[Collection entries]

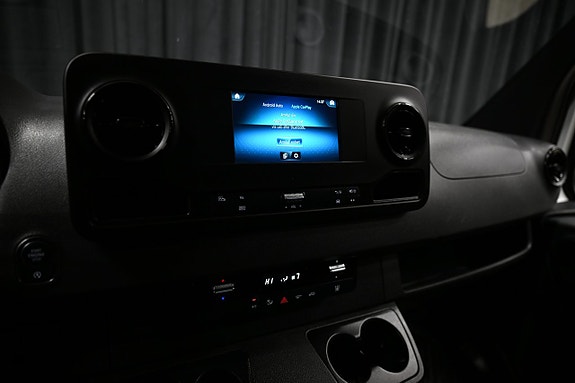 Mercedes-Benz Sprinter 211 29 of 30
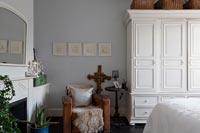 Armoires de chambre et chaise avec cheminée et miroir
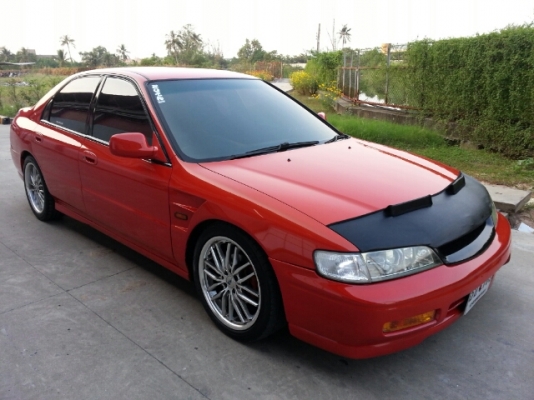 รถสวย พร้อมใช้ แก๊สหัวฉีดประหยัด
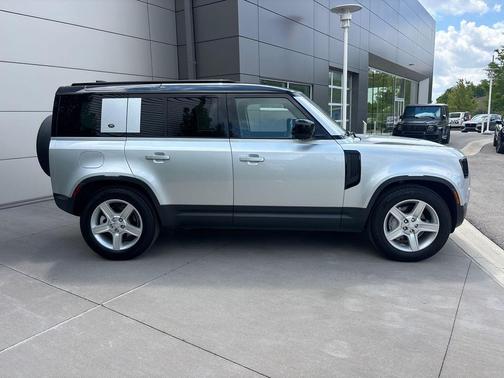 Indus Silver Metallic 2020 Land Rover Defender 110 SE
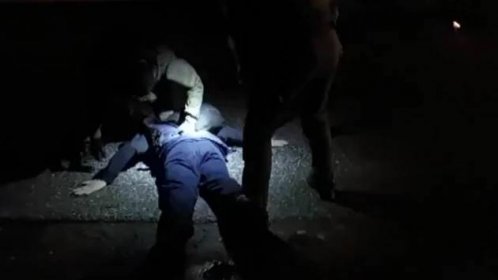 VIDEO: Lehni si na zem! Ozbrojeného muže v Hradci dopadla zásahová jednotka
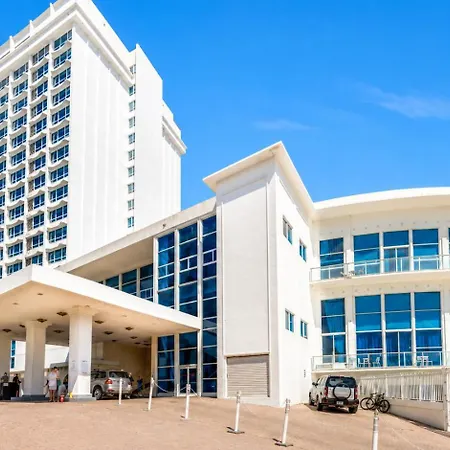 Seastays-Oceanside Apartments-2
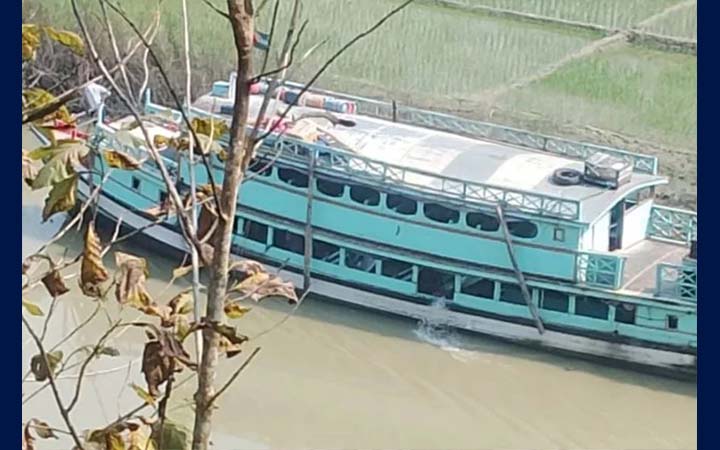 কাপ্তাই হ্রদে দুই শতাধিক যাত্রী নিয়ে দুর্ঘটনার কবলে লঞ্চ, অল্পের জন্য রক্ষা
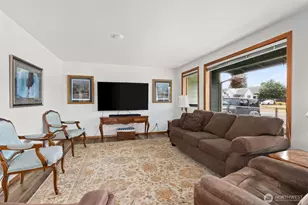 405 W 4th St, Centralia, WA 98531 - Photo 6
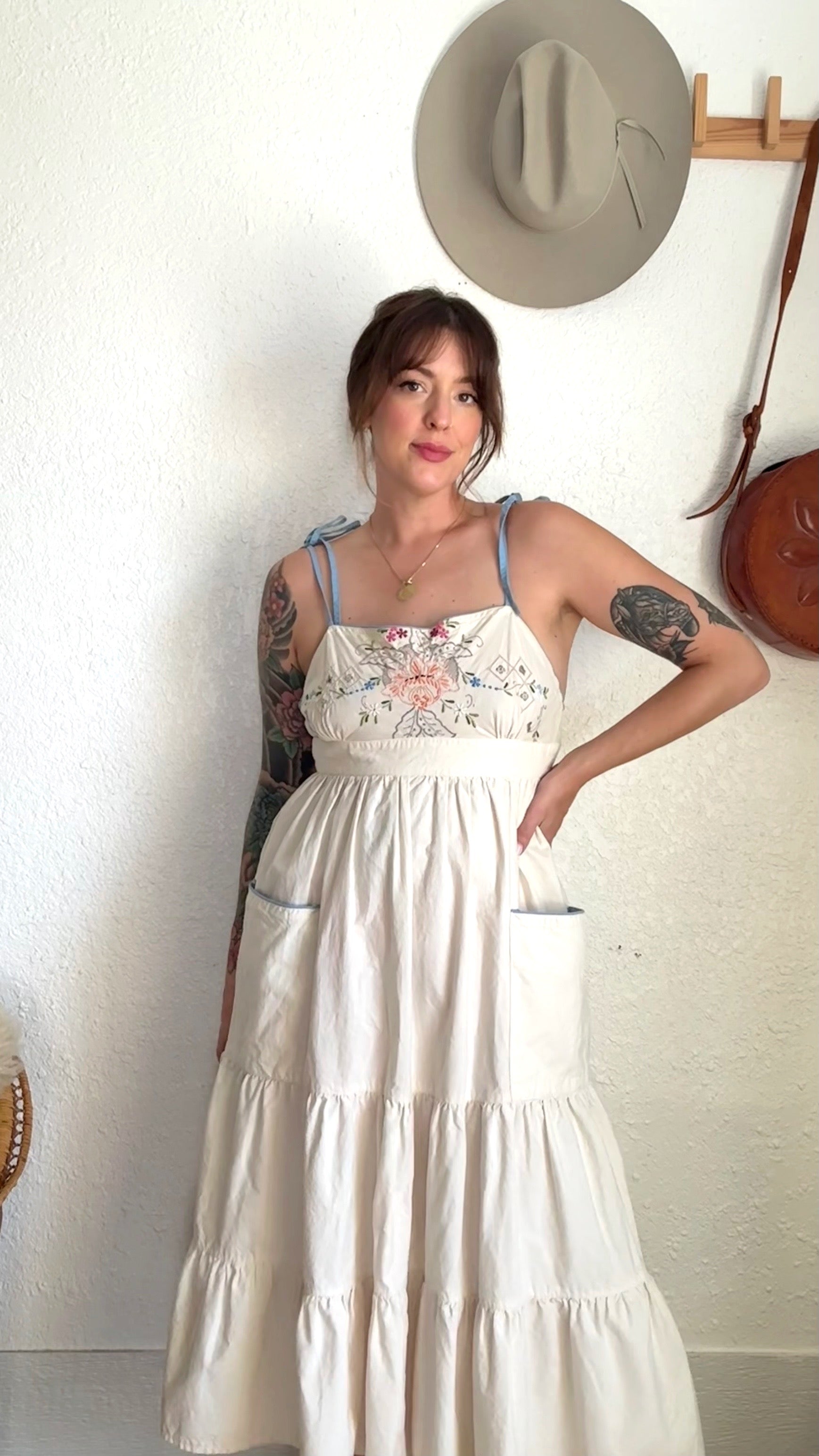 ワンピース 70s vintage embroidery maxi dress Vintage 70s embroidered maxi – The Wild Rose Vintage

* * *

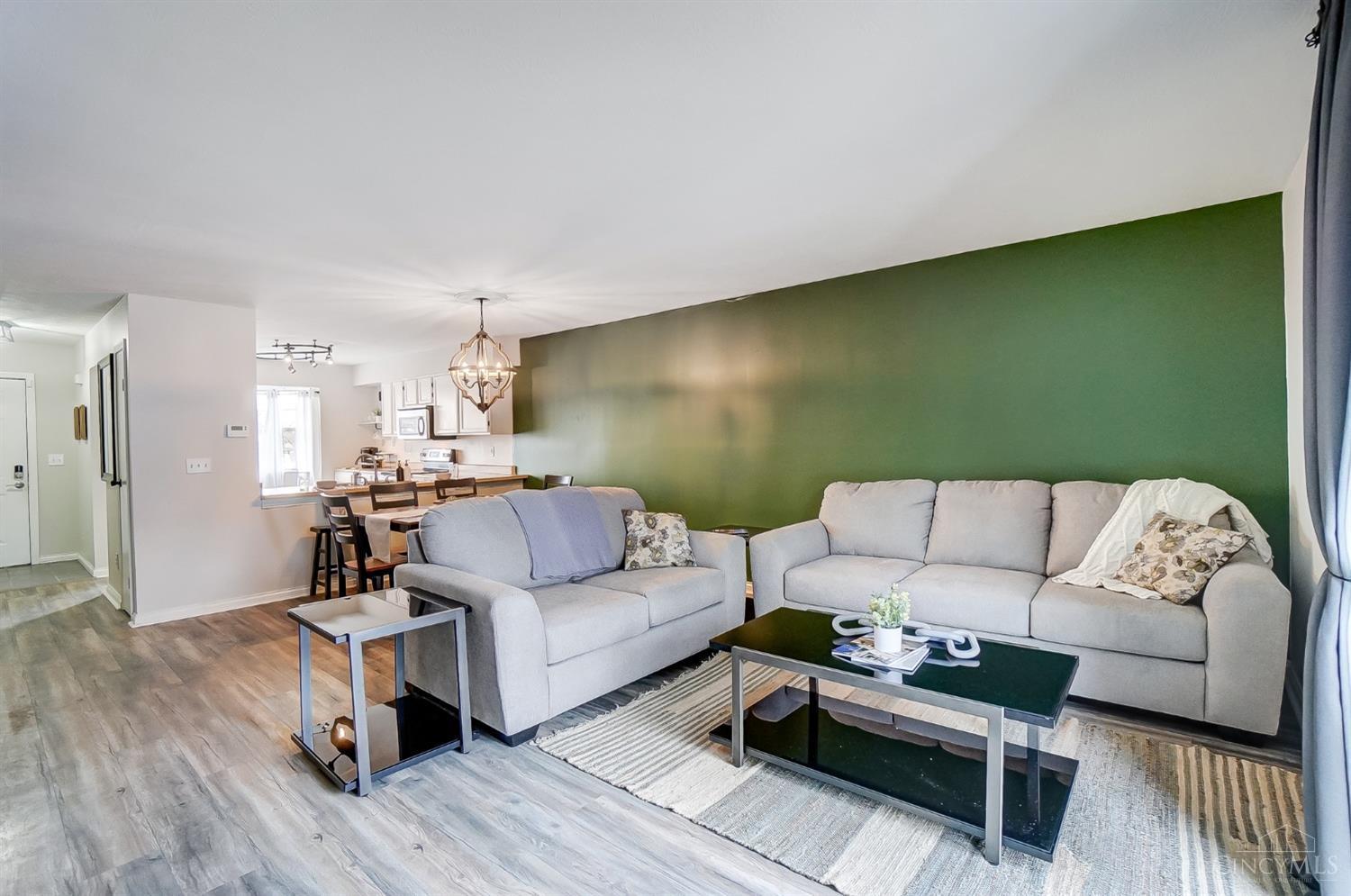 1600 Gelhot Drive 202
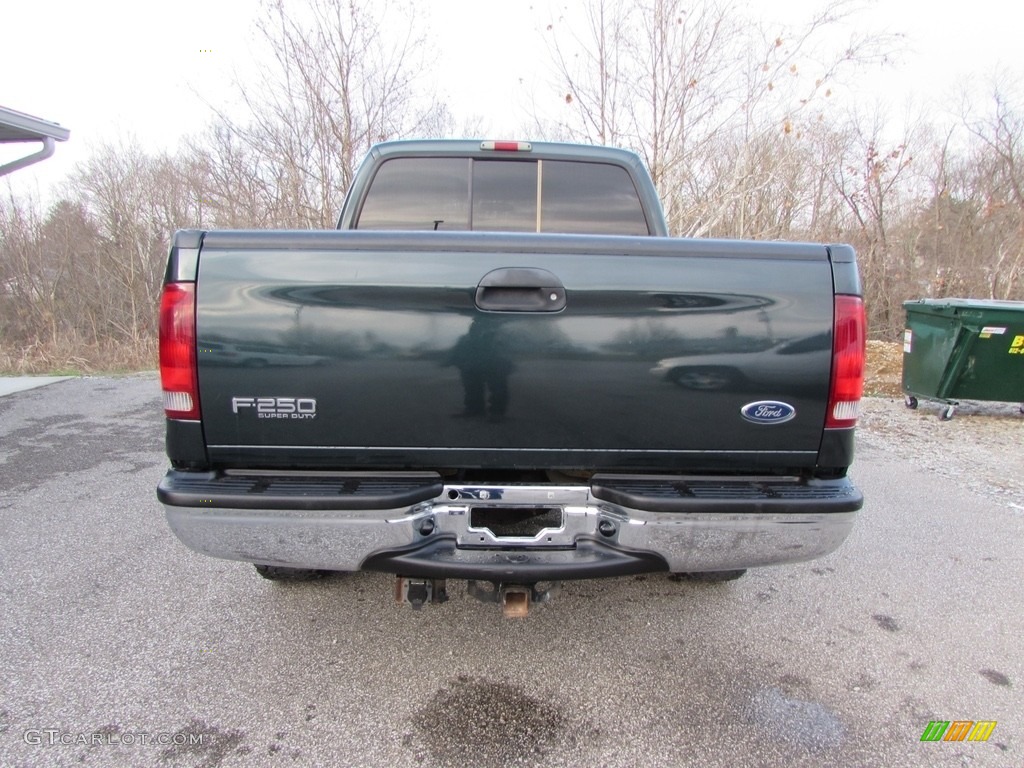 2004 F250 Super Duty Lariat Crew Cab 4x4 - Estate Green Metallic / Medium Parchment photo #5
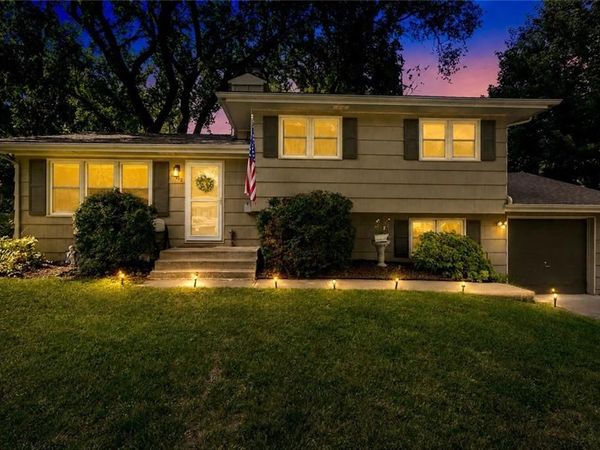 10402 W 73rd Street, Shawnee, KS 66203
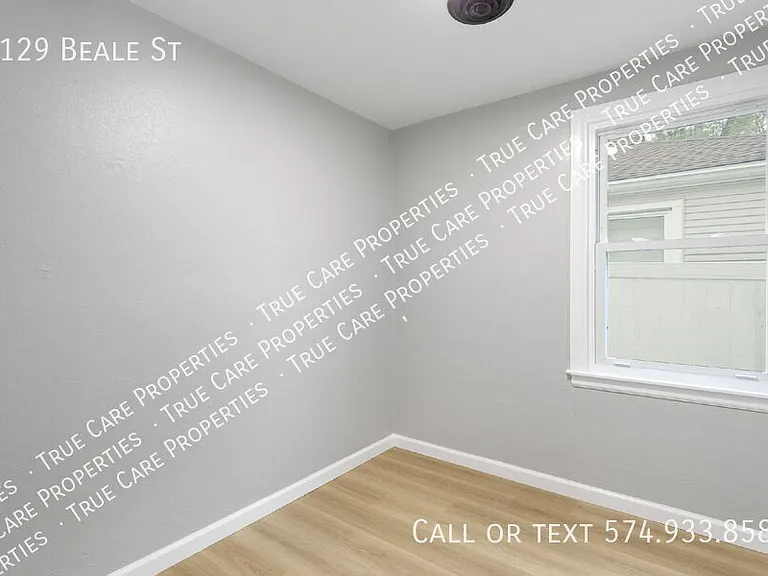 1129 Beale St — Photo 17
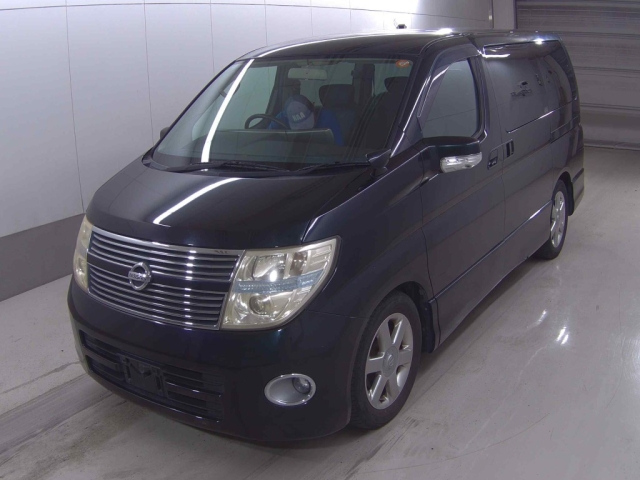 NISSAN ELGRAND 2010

_Task prompt_.
Return the stretch of data that begins with the line showing "Mercedes-Benz Sprinter 211 29 of 30" and goes on through the line showing "Indus Silver Metallic", exactly, with pictures removed.

_Output below_.
 Mercedes-Benz Sprinter 211 29 of 30
 Armoires de chambre et chaise avec cheminée et miroir
 รถสวย พร้อมใช้ แก๊สหัวฉีดประหยัด
 Indus Silver Metallic 2020 Land Rover Defender 110 SE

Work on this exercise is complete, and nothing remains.